Repeat each record that follows, keeping it identical.

-- Material for this exercise follows --

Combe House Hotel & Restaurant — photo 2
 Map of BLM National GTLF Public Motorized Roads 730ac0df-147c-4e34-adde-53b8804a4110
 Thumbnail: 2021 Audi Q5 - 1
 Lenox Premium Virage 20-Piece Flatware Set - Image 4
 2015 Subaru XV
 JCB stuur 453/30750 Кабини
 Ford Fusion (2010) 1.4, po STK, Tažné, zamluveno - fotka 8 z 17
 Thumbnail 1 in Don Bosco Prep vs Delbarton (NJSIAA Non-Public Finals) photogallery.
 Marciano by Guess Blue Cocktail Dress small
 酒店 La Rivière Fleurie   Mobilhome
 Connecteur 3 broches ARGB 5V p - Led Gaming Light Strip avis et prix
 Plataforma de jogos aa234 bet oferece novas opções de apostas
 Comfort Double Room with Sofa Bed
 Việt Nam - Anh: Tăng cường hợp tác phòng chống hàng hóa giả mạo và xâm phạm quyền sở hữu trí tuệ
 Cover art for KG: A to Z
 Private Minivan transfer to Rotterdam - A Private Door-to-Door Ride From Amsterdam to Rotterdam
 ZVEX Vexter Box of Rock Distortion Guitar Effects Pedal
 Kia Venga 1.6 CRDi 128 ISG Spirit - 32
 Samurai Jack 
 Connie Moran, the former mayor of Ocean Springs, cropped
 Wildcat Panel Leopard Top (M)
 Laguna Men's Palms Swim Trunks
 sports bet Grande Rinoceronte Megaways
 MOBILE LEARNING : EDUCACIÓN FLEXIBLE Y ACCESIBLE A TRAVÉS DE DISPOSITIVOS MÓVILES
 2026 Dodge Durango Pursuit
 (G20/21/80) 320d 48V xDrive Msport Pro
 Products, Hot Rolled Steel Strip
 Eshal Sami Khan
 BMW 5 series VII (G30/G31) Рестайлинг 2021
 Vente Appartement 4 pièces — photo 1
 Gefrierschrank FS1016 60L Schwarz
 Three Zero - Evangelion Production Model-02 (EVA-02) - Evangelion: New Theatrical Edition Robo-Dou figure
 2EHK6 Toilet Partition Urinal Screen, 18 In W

-- Material for this exercise concluded --

> [Written reply]:
Combe House Hotel & Restaurant — photo 2
 Map of BLM National GTLF Public Motorized Roads 730ac0df-147c-4e34-adde-53b8804a4110
 Thumbnail: 2021 Audi Q5 - 1
 Lenox Premium Virage 20-Piece Flatware Set - Image 4
 2015 Subaru XV
 JCB stuur 453/30750 Кабини
 Ford Fusion (2010) 1.4, po STK, Tažné, zamluveno - fotka 8 z 17
 Thumbnail 1 in Don Bosco Prep vs Delbarton (NJSIAA Non-Public Finals) photogallery.
 Marciano by Guess Blue Cocktail Dress small
 酒店 La Rivière Fleurie   Mobilhome
 Connecteur 3 broches ARGB 5V p - Led Gaming Light Strip avis et prix
 Plataforma de jogos aa234 bet oferece novas opções de apostas
 Comfort Double Room with Sofa Bed
 Việt Nam - Anh: Tăng cường hợp tác phòng chống hàng hóa giả mạo và xâm phạm quyền sở hữu trí tuệ
 Cover art for KG: A to Z
 Private Minivan transfer to Rotterdam - A Private Door-to-Door Ride From Amsterdam to Rotterdam
 ZVEX Vexter Box of Rock Distortion Guitar Effects Pedal
 Kia Venga 1.6 CRDi 128 ISG Spirit - 32
 Samurai Jack 
 Connie Moran, the former mayor of Ocean Springs, cropped
 Wildcat Panel Leopard Top (M)
 Laguna Men's Palms Swim Trunks
 sports bet Grande Rinoceronte Megaways
 MOBILE LEARNING : EDUCACIÓN FLEXIBLE Y ACCESIBLE A TRAVÉS DE DISPOSITIVOS MÓVILES
 2026 Dodge Durango Pursuit
 (G20/21/80) 320d 48V xDrive Msport Pro
 Products, Hot Rolled Steel Strip
 Eshal Sami Khan
 BMW 5 series VII (G30/G31) Рестайлинг 2021
 Vente Appartement 4 pièces — photo 1
 Gefrierschrank FS1016 60L Schwarz
 Three Zero - Evangelion Production Model-02 (EVA-02) - Evangelion: New Theatrical Edition Robo-Dou figure
 2EHK6 Toilet Partition Urinal Screen, 18 In W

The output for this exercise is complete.